The ten bigger blocks you see in above picture are called TPCs now. Depending on whether the GPU runs in graphics processing or computing mode this stands for "Texture Processing Cluster" or "Thread Processing Cluster". Even though they have different meanings in both modes, the same silicon is used, just in a different way.
Compared to the G80, the number of clusters has been increased from eight to ten. Also the number of streaming multiprocessors (big green blocks in the cluster) went from two to three. The number of streaming processors (small green blocks) has remained the same at eight. In total this results in almost double the amount of stream processors with 240, vs. 128 on the last generation.
The render backend has also been beefed up somewhat. Instead of four partitions (blue blocks), the GT200 now uses eight. This effectively doubles the available memory bandwidth, but also requires double the memory chips on the board. Every partition connects to a single memory chip with a 64-bit wide bus. As a result the total memory bus width of this card is 512-bit. This dramatically increases the PCB cost since routing 512 signal lines is a lot more complex than routing 256 lines. While ATI is using GDDR5 on their future board designs which offers double the bandwidth at the same bus width, NVIDIA has remained with GDDR3 for now, but I assume this might change in the near future since GDDR5 has a major potential to reduce the total board cost, heat output and power draw (eight memory chips need less power than 16).

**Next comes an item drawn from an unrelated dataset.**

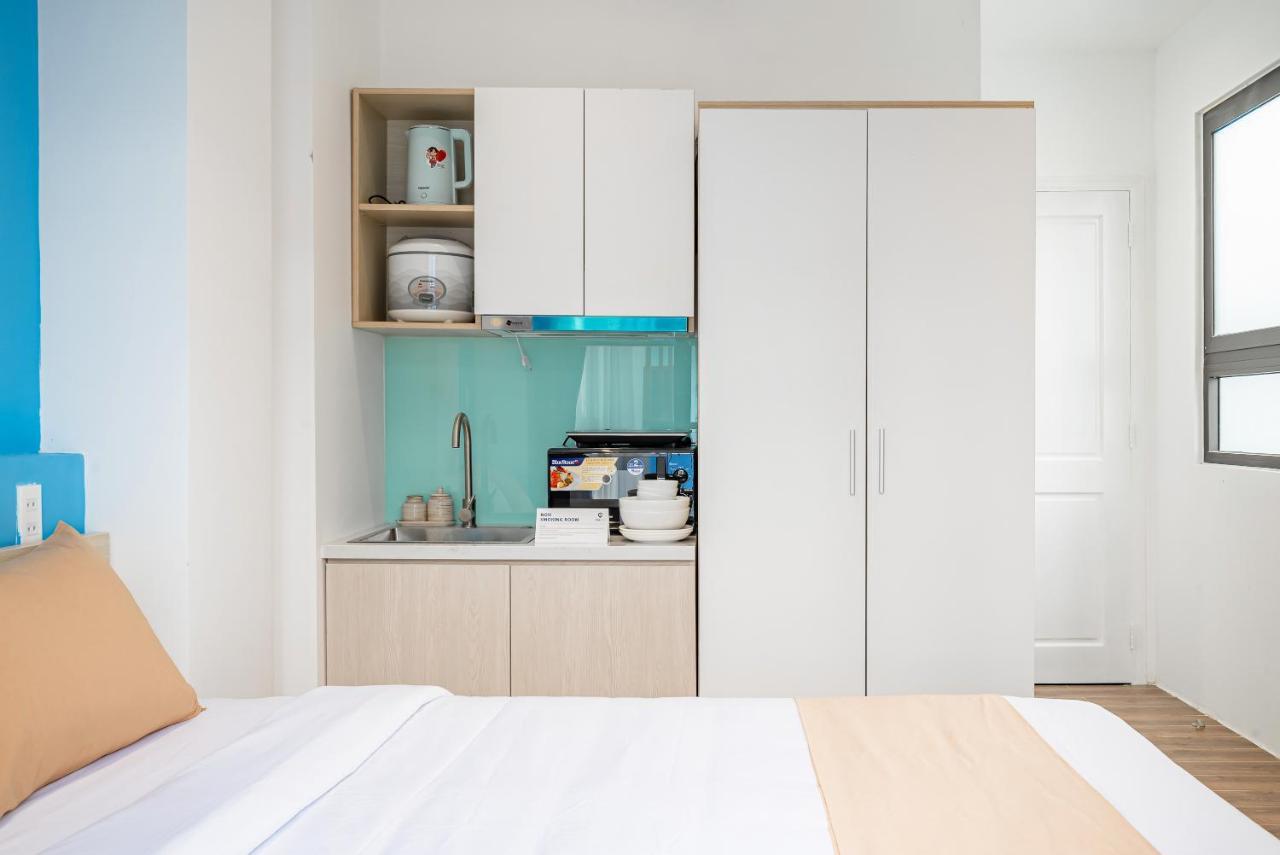 Cozrum Homes - Autumn House Ho Chi Minh City Bagian luar foto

Other architectural changes include a larger register file which basically allows more complex shaders or more efficient shader execution. Imagine you have to do a complex calculation with several variables, each variable would be stored in a register. But since the number of registers is limited you might run out of registers at one point during complex calculations. In this case you would have to swap out one register to graphics memory. Accesses to the graphics memory are much slower than to registers. Once you are done with the complex part of your calculation you have to get that data out of the graphics memory again, an additional performance hit.

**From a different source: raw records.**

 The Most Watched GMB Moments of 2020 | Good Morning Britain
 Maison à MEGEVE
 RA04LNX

An important feature for general computation on the GPU is the added support for 64-bit double precision floating numbers. Single precision floating numbers use 32-bit to store data which might cause them to lose some precision during calculation. If you do a lot of calculations after each other, the error will add up becoming more and more significant. While double precision is not infinitely precise for floating point numbers it is as good as what is available in today's CPUs. Please note that application developers will actively need to change their code to benefit from this improvement.